When a stone is thrown into a pond it creates ripples of water that extend outwards to infinity.  This is what happened when Mr Lam and Phuc met.  The kindness Mr Lam showed to Phuc created ripples of good fortune that were playing out even 40 years later.

Phuc went on to meet and marry a girl from a successful family.   Phuc went on to create one of the most successful and largest construction supply companies in Vietnam with that girl whose name was Kim Mai.  Phuc started a family and had a daughter named Cam Tu.  Cam Tu became successful and went to the US to get her Masters Degree in a city called San Diego California.

It was there that Cam Tu and I met while she was getting her Masters.  And then now here I was with her over 12,000 miles away from home standing in a house in Vietnam looking at a picture of  her dad and the couple that hired him to be their driver.  Mr Lam’s kindness was paying itself forward in the grandest and most interesting of ways.  We were all there experiencing a good life thanks to the kindness he displayed to a young man that had just lost his own father.
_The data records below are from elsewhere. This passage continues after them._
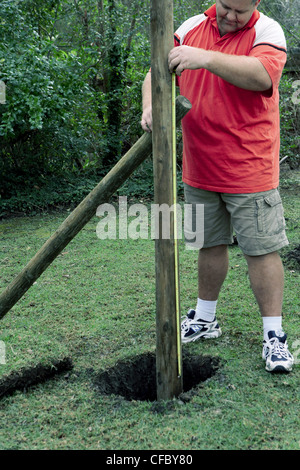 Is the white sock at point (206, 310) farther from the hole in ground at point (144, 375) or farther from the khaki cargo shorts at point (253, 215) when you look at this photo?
the khaki cargo shorts at point (253, 215)

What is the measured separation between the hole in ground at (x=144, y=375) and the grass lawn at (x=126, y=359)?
37 mm

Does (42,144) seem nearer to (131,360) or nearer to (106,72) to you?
(106,72)

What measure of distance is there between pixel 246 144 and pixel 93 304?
1.86m

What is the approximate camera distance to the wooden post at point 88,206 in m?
2.48

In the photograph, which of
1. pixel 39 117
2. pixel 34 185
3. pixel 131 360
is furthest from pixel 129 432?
pixel 34 185

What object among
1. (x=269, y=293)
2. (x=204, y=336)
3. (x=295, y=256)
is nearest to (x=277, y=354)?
(x=269, y=293)

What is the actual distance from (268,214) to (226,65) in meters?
0.86

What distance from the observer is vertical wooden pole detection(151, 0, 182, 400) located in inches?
90.7

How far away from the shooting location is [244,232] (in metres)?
2.84

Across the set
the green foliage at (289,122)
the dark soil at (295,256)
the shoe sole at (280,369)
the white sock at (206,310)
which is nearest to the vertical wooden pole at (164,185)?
the shoe sole at (280,369)

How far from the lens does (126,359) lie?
9.75 ft

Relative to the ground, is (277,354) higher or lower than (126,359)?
higher

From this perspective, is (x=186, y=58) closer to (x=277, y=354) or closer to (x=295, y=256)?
(x=277, y=354)

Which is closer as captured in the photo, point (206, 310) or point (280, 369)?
point (280, 369) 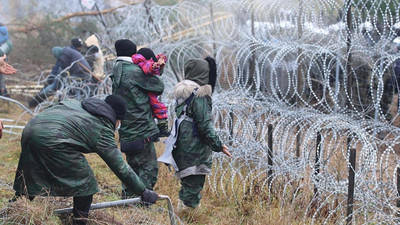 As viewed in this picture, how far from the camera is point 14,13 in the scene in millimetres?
16172

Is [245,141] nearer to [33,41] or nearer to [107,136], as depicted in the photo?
[107,136]

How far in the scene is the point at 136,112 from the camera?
4.59 metres

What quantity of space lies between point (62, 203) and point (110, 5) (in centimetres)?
1126

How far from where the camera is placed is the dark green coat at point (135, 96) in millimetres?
4574

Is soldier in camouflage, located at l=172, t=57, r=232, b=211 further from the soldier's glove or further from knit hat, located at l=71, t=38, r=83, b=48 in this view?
knit hat, located at l=71, t=38, r=83, b=48

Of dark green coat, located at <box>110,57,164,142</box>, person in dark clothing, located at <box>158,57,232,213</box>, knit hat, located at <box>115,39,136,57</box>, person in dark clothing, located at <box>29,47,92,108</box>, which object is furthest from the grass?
person in dark clothing, located at <box>29,47,92,108</box>

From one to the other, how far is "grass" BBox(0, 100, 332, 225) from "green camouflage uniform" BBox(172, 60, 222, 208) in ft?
1.49

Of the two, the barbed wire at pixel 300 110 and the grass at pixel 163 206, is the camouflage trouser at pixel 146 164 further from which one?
the barbed wire at pixel 300 110

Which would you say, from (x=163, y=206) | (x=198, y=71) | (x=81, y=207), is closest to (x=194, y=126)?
(x=198, y=71)

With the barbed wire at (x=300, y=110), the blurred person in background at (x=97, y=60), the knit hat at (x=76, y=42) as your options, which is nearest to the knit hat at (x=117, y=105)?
the barbed wire at (x=300, y=110)

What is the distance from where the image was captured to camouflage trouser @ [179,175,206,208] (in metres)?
4.41

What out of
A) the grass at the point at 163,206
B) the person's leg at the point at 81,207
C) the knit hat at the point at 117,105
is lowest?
the grass at the point at 163,206

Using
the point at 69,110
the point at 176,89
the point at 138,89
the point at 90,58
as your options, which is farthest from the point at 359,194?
the point at 90,58

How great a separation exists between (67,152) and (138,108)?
1581 millimetres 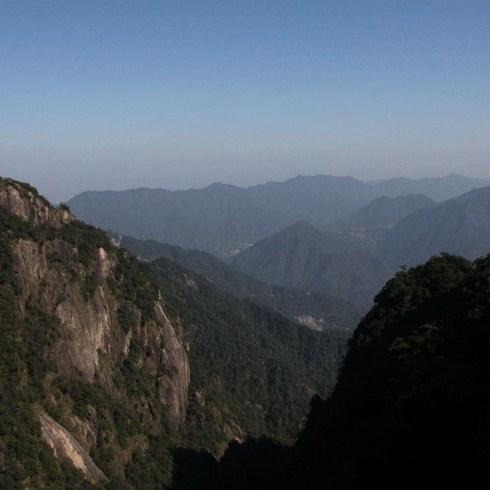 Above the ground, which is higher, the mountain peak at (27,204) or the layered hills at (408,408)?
the mountain peak at (27,204)

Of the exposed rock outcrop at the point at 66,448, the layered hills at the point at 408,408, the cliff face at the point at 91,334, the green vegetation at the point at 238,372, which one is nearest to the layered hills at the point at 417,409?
the layered hills at the point at 408,408

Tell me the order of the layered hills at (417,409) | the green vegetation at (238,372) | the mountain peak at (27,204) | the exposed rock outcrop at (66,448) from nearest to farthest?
the layered hills at (417,409), the exposed rock outcrop at (66,448), the mountain peak at (27,204), the green vegetation at (238,372)

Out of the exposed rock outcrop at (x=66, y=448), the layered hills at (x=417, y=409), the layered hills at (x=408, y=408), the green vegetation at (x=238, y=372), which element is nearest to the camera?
the layered hills at (x=417, y=409)

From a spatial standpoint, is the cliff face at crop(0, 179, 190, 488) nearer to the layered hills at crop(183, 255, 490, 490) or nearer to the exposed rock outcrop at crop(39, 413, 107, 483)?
the exposed rock outcrop at crop(39, 413, 107, 483)

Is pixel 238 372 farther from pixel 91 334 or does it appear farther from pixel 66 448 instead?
pixel 66 448

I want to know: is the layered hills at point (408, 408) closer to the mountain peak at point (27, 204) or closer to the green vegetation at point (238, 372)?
the green vegetation at point (238, 372)

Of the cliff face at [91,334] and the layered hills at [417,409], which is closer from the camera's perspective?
the layered hills at [417,409]

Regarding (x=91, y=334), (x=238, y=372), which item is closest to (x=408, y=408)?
(x=91, y=334)

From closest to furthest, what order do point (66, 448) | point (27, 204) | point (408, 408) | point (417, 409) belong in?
point (417, 409) → point (408, 408) → point (66, 448) → point (27, 204)

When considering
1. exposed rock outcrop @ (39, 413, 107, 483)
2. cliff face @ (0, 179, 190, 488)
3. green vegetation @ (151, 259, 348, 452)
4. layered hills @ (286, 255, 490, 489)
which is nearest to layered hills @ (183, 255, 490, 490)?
layered hills @ (286, 255, 490, 489)

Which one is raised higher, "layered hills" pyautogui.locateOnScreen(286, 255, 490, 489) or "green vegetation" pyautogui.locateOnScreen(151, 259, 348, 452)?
"layered hills" pyautogui.locateOnScreen(286, 255, 490, 489) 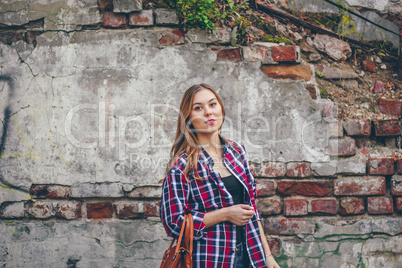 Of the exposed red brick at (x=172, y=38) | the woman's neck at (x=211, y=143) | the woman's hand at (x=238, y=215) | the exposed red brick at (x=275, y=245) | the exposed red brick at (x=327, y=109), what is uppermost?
the exposed red brick at (x=172, y=38)

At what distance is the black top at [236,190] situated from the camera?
155 cm

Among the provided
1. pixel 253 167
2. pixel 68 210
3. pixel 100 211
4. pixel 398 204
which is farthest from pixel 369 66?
pixel 68 210

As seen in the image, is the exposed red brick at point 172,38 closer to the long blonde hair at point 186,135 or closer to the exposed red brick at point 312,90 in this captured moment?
the long blonde hair at point 186,135

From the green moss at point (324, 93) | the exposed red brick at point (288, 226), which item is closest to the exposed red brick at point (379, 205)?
the exposed red brick at point (288, 226)

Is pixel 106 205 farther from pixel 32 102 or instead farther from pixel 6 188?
pixel 32 102

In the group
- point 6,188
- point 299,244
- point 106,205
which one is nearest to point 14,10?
point 6,188

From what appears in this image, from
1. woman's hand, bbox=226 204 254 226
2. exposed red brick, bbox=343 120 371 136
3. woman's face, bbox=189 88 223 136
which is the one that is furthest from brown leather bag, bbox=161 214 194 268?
exposed red brick, bbox=343 120 371 136

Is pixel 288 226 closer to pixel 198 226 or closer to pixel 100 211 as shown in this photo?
pixel 198 226

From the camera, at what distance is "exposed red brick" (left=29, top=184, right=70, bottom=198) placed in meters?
2.23

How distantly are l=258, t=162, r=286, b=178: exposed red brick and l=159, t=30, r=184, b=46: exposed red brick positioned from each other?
3.34 feet

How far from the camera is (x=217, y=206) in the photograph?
4.90ft

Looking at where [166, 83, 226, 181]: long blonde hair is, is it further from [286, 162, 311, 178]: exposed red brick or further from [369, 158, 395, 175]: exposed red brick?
[369, 158, 395, 175]: exposed red brick

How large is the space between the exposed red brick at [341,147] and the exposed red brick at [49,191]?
1805 mm

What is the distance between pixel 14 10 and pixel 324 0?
7.33 feet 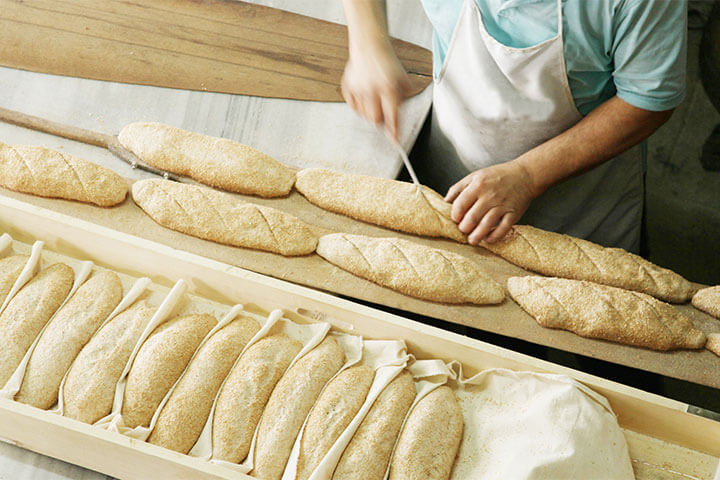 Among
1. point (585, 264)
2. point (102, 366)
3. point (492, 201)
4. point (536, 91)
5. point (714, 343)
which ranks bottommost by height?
point (102, 366)

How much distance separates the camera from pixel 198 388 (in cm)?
147

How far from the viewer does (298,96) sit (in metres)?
2.28

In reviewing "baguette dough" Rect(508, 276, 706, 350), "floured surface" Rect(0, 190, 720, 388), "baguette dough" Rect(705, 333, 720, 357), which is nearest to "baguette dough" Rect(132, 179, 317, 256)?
"floured surface" Rect(0, 190, 720, 388)

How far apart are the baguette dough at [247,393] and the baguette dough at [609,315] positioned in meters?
0.74

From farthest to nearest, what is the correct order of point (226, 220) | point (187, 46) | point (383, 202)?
point (187, 46)
point (383, 202)
point (226, 220)

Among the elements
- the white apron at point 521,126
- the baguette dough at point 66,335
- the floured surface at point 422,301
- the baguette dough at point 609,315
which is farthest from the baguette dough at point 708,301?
the baguette dough at point 66,335

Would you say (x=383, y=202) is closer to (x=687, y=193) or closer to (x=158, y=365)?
(x=158, y=365)

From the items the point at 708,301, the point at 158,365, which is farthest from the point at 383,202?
the point at 708,301

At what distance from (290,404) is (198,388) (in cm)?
25

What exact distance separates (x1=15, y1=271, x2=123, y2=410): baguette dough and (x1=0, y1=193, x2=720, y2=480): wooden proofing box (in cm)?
10

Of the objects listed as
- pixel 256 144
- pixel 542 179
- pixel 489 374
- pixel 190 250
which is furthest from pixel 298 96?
pixel 489 374

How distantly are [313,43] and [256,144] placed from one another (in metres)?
0.58

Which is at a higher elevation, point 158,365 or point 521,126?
point 521,126

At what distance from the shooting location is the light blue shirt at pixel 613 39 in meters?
1.53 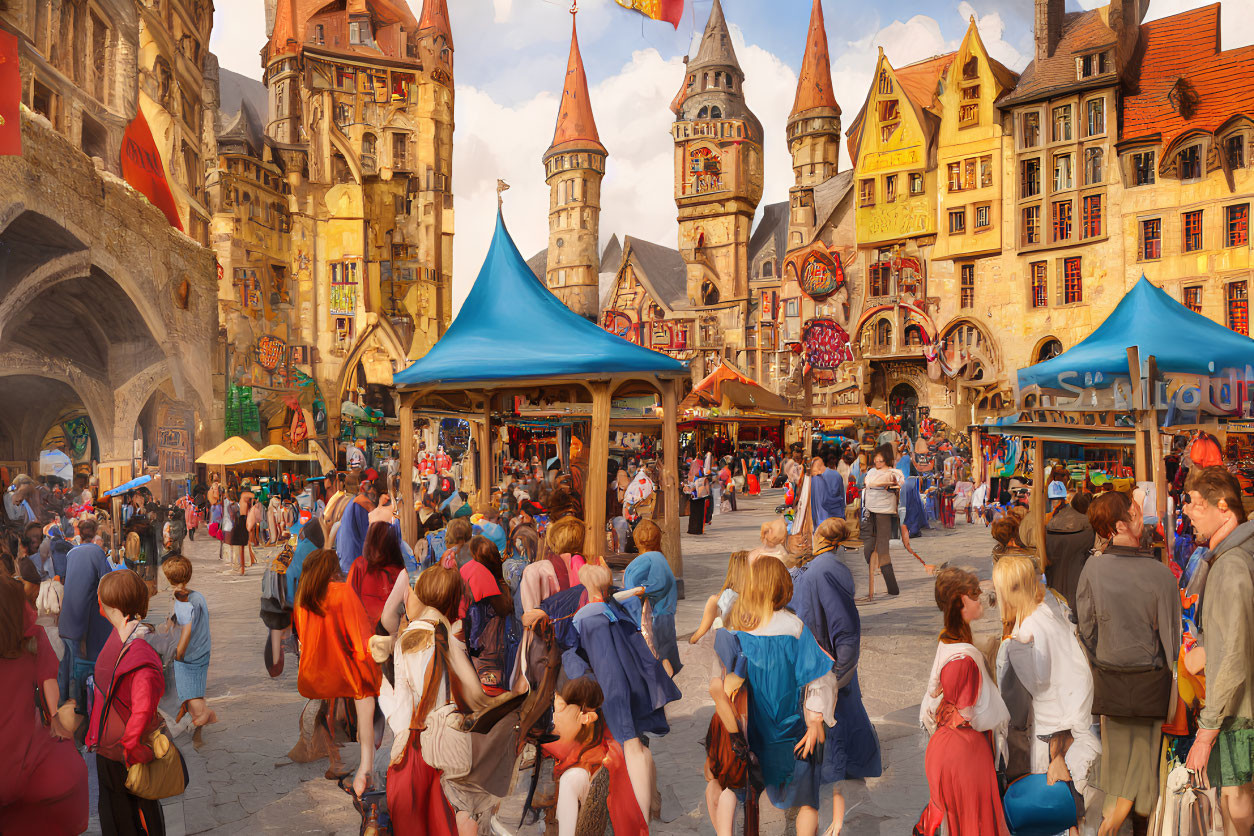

The Intriguing Photo Tells the Story

I guess I keep going back to that photograph and looking at it.  I wonder who took that photo and I think to myself what an excellent photo it is.  But perhaps even more remarkable is the way that photo has been treated.  It is a small 4 by 6 photo but it sits in a frame – a solitary photo on the wall – placed in way that makes it seem like a shrine.  The photo obviously has significant importance to Mrs Lam even today.

Her and her husband undoubtedly hired dozens of workers and helpers in their years but only one – Phuc was on their walls.  Perhaps, the story of helping Phuc and his success was their own tribute to Mr Lam and his character.  This was a story that everyone loves to tell.

A good photograph can tell a more than a thousand words.  And this photo does.  This photo tells a story.  Even the composition is intriguing.  Mr and Mrs Lam stand in the foreground beside their car.

The photographer didn’t just focus on them however.  He pulled Phuc into the frame.  Even though Phuc was off the right and could easily have been removed from the picture.

Either the photographer saw the importance of the relationship or perhaps he was instructed to include Phuc in the picture.  In either case it is intriguing.  In any case it was on purpose.

And why is Phuc off to the back of the photo and not next to Mr and Mrs Lam?  Usually people stand next to each other when they are taking photos.  The picture was made infinitely more interesting because of where Phuc stood.

My hunch is that Mr and Mrs Lam asked Phuc to come stand beside them and to take the picture.  But just like the time when Phuc said he was not hungry and ran to the kitchen to drink water to fill his stomach he was doing the same thing here.

Phuc respected Mr Lam so much that he stood off to the back like his driver.  There he could watch the man he considered a father from afar.  The man who had given him so much respect deserved that much.  The intriguing old photo tells the story better than any words can.